Intestinal DisordersApril 10, 20265 min read

One-page cheat sheet: C. diff colitis

Quick-hit shareable content for C. diff colitis. Include visual/mnemonic device + one-liner explanation. System: GI.

C. difficile colitis is one of those “classic Step” diagnoses: a patient gets antibiotics, develops watery diarrhea, and suddenly everyone’s talking about toxin assays and oral vancomycin. This cheat sheet is designed to be screenshot-able, fast to review, and packed with the details that actually get tested.


The One-Liner (say it like you mean it)

C. diff colitis = antibiotic-associated, toxin-mediated colitis causing watery diarrhea (± pseudomembranes) due to disruption of normal gut flora.

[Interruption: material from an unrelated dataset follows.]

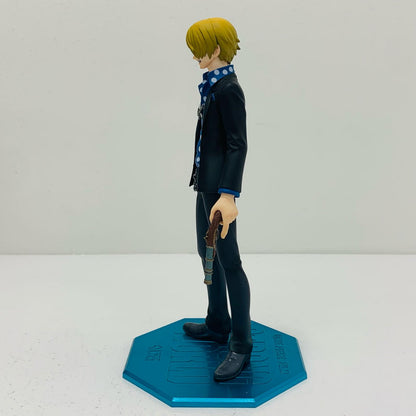 【中古】 サンジ「ワンピースSTRONGWORLD」エクセレントモデルP.O.P“STRONGEDITION”【フィギュア】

The Mnemonic / Visual: “DIFF”

Picture the colon as a protective lawn of normal flora. Antibiotics are the lawnmower that scalps it—then C. DIFF moves in and lays down yellow pseudomembrane “plaques.”

D – Diarrhea (watery)
I – Iatrogenic (antibiotics) / Inpatient (hospital, nursing home)
F – Fever, leukocytosis (can be marked)
F – Fulminant complications (toxic megacolon, perforation, shock)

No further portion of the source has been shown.